— MATERIAL PROVIDED —
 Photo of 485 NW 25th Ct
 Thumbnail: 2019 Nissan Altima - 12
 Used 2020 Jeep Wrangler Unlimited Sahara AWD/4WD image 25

— THE TASK —
An exact transcription of all the material above is the expected answer.

— EXERCISE SOLUTION —
 Photo of 485 NW 25th Ct
 Thumbnail: 2019 Nissan Altima - 12
 Used 2020 Jeep Wrangler Unlimited Sahara AWD/4WD image 25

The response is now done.